West Virginia Charter School Board Joins National Lawsuit

[The Intelligencer] West Virginia Charter School Board Joins National Lawsuit

CHARLESTON – West Virginia’s Professional Charter School Board is joining with other state charter school groups in a federal lawsuit over how the federal government provides grant funding.

The Professional Charter School Board signed onto an amended complaint filed Nov. 6 in the U.S. District Court for the Western District of Michigan, joining the Michigan Association of Public School Academies, the Thomas B. Fordham Institute, the Delaware Charter Schools Network and the North Carolina Coalition for Charter Schools.

The groups, represented by the libertarian Pacific Legal Foundation, are suing U.S. Department of Education Secretary Miguel Cardona and Ruth Ryder, deputy assistant secretary for policy and programs in the department’s Office of Elementary and Secondary Education.

The groups are challenging an administrative rule for federal grant programs for state charter school programs.
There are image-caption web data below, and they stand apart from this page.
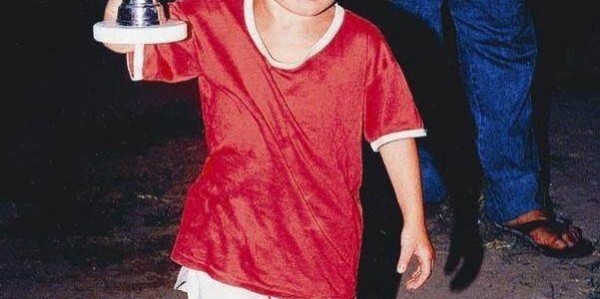 格兰多利俱乐部：5岁梅西足球起步的地方！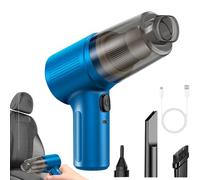 Handheld Vacuum Cleaneer - Portable Vacuum Cleaner For Car | High Suction Cordless Handheld Vacuumss Cordless Car Vacuums Cleaners For Small Places | Vehicle Vaccuum Cleaners Handhelds Cars Vaccuum Cl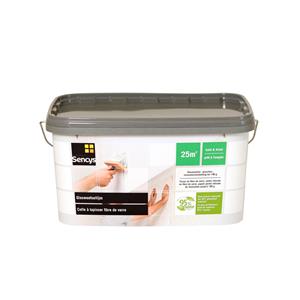 Sencys Glasvezelbehanglijm Kant-en-klaar 5kg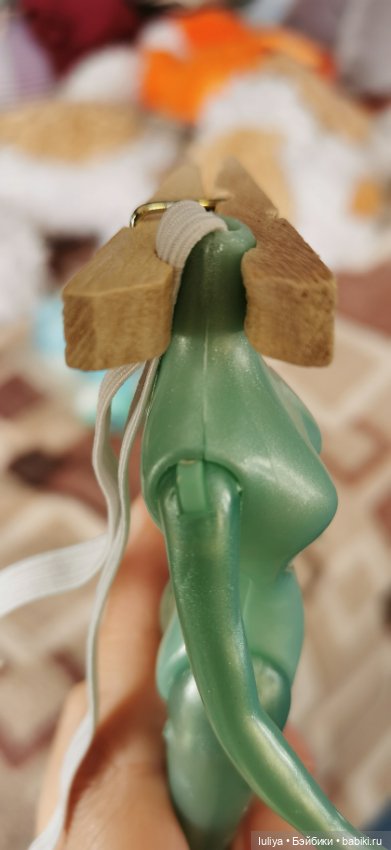 Итог нашего ремонта — Игровые куклы разных производителей (Разное): редкие бренды (фото 4)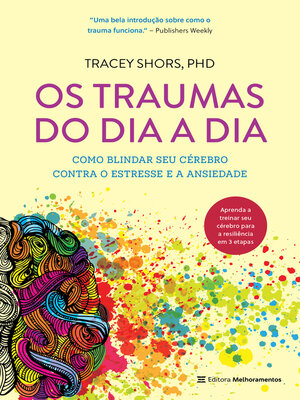 cover image of Os traumas do dia a dia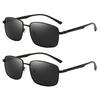 Fashion Men Polarized Sunglasses Driving Sun Glasses Luxury Women Brand Designer Male Vintage Black Pilot Sunglasses UV400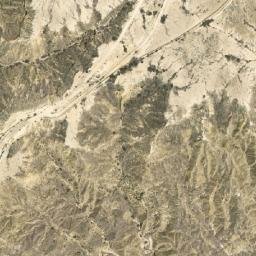Satellite imagery of Cuesta Siches, PE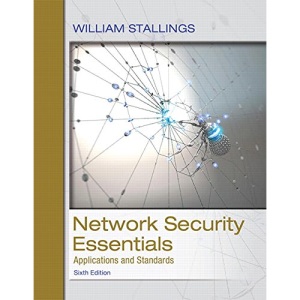 Network Security Essentials: Applications and Standards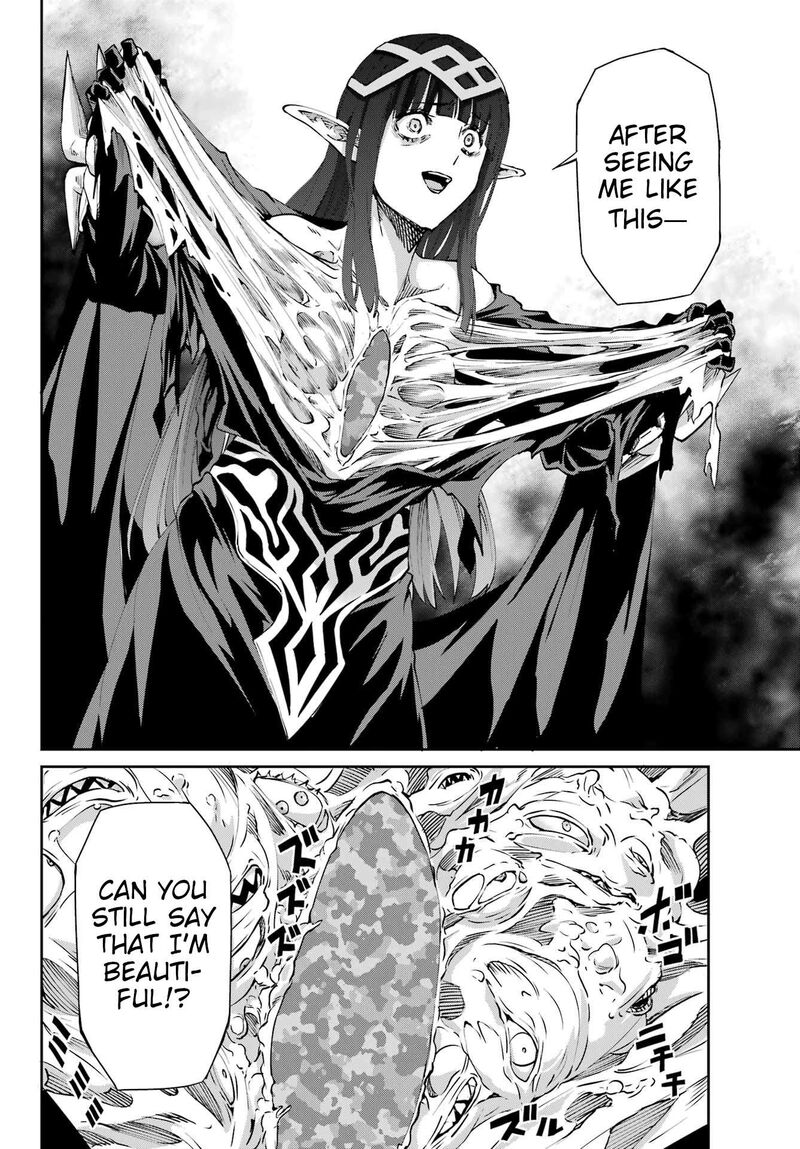 Dungeon Ni Deai Wo Motomeru No Wa Machigatte Iru Darou Ka Gaiden Sword Oratoria 125 32
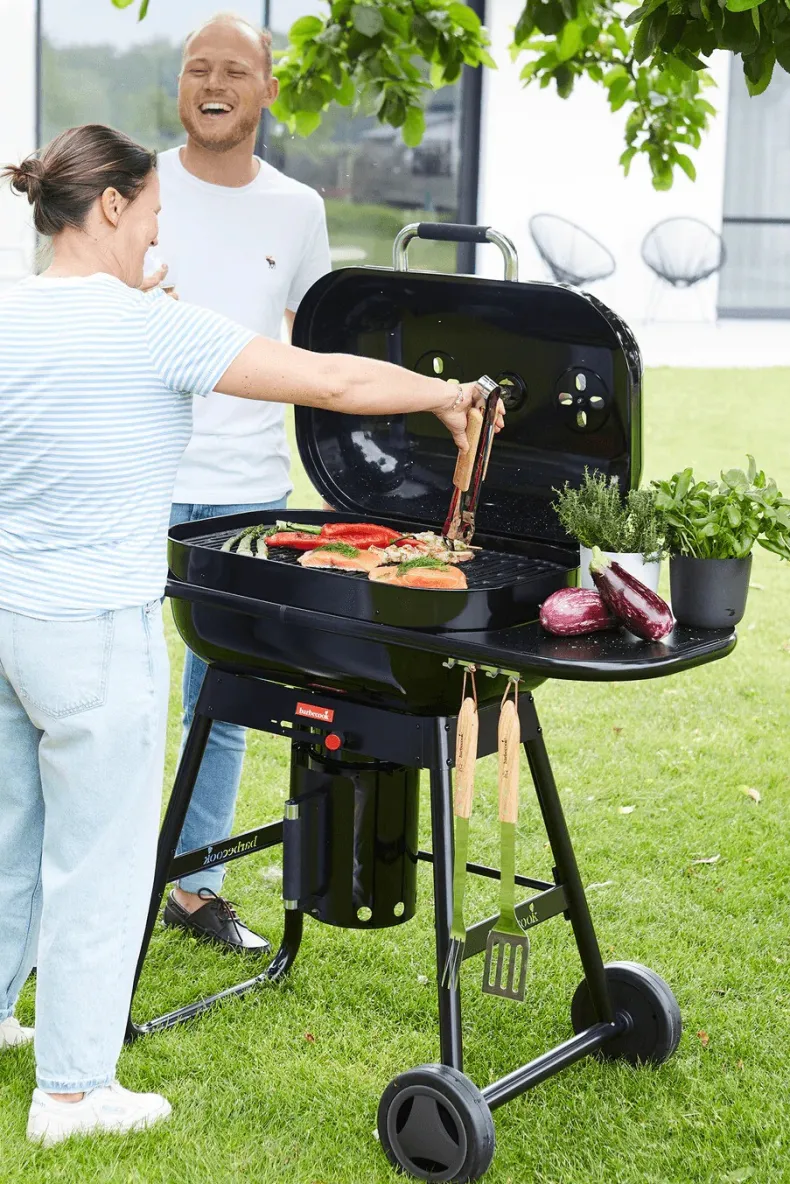 BBQ Magnus Comfort - 85x64x110cm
They allege these new rules are designed to harm or decrease the number of charter schools nationwide.

The Pacific Legal Foundation is seeking an injunction blocking the implementation of the rule and a declaratory judgment setting aside the rule.

“The department’s attack on the charter school program it is tasked with administering is unlawful,” wrote Pacific Legal Foundation attorney Caleb Kruckenberg. “Not only does the department lack the authority to issue any new criteria; the proposed factors will punish the most successful charter school programs, particularly in school districts that enroll large numbers of minority students.
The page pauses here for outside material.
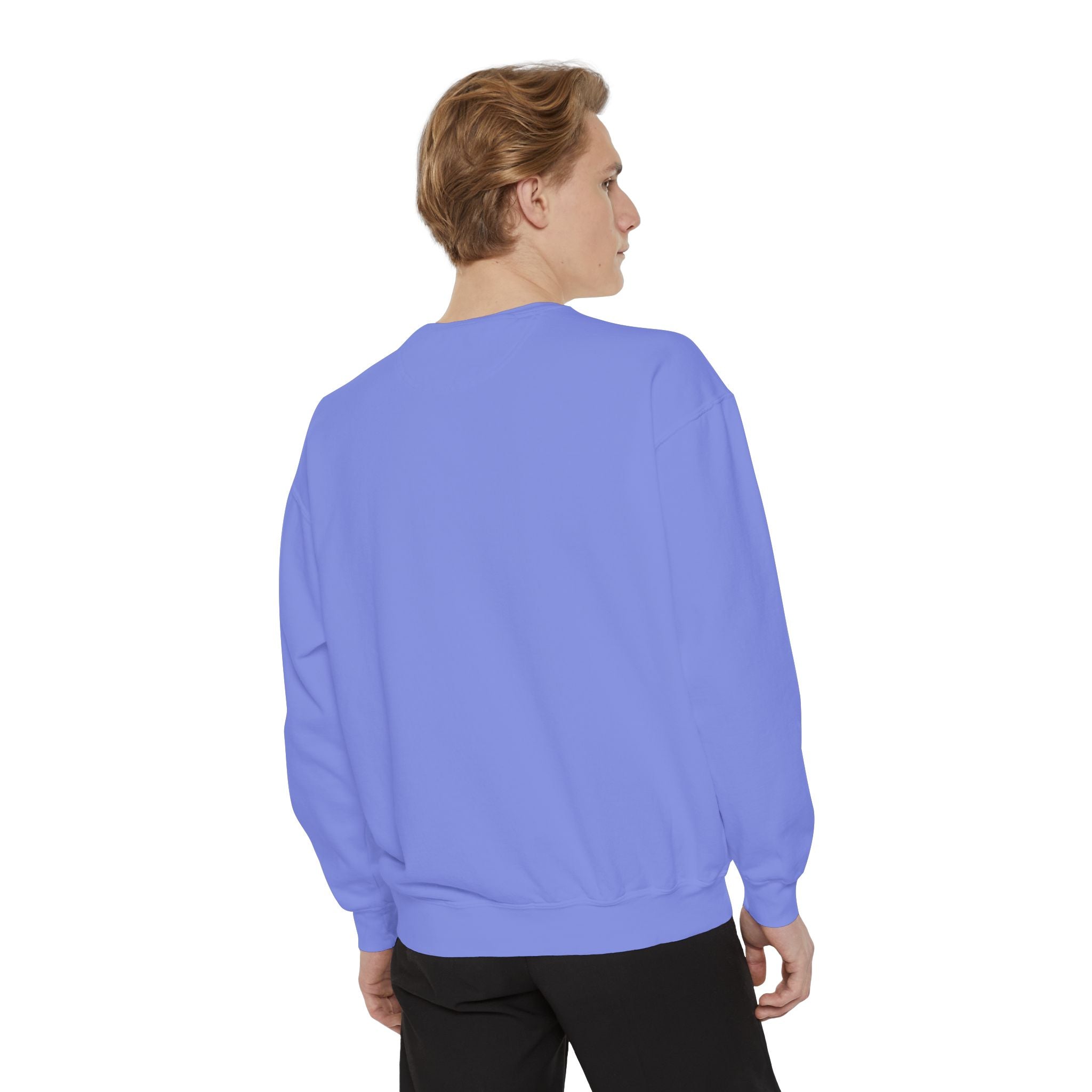 XT8 Navy Tile Sweatshirt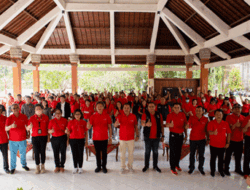 MPP Badung Rayakan HUT ke-4, Junjung Komitmen Beri Pelayanan Publik Terbaik Masyarakat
“All the while, the rule comes from an agency employee and lacks even the blessing of a properly-appointed officer of the United States,” Kruckenberg continued. “The Department’s sneak attack on the charter school program, and on the students caught in the middle, must be set aside by this court.”

The federal Charter School Program, established in 1994 under former President Bill Clinton, provides grant funding for new and existing state charter school programs. The program was expanded in 2015 under former President Barack Obama.

Earlier this March, the Department of Education filed a new administrative rule detailing how it planned to award more than $440 million appropriated by Congress for the Charter School Program. During a public comment period, the Pacific Legal Foundation took issue with the proposed rule, accusing the process as invalid.

“Notably, the comment objected because the department ‘has no authority to issue additional selection criteria,’ as the act ‘includes no provision allowing the secretary to designate additional criteria or priorities for awarding grants,'” Kruckenberg wrote. “The comment also argued that the ‘proposed rule was not issued by an officer of the United States, and thus any final rule that might result would proceed from an invalid action.'”

New requirements for charter schools to receive grant considerations include developing collaboration plans with public schools and proving a need in the community for the charter school, such as over-enrollment in the local public school system. Charter schools also must not exceed the racial balance that exists in the communities where the schools are.

The PCSB has been in existence for more than a year now, created by House Bill 2012 during the 2021 regular session. House Bill 206 passed by the Legislature in 2019 created the state’s first public charter school pilot program.

West Virginia’s first charters, the Monongalia County-based West Virginia Academy and the Eastern Panhandle Preparatory Academy, opened brick-and-mortar schools earlier this fall with two additional schools likely being approved by the PCSB next week. The state also opened two virtual charters, the West Virginia Virtual Academy and the Virtual Preparatory Academy of West Virginia. But the PCSB has not received a federal CSP grant.

“Without access to CSP funds, public charter schools in West Virginia have a real risk that they will not be able to operate or open as planned,” Kruckenberg wrote. “The new rule will disadvantage some or all of the schools overseen by WVPCSB in competition for CSP funding because school districts in West Virginia are not over-enrolled, and traditional public schools in the relevant communities have not shown a willingness to cooperate with charter school programs.”

“The new rule will also disadvantage the schools overseen by WVPCSB concerning the grading of the ‘quality of the needs analysis’ requirement as they will not be able to demonstrate a ‘sufficient demand’ for the charter schools based on enrollment numbers in existing public schools,” Kruckenberg continued. “Many of the traditional school districts in West Virginia have ample space for new students.”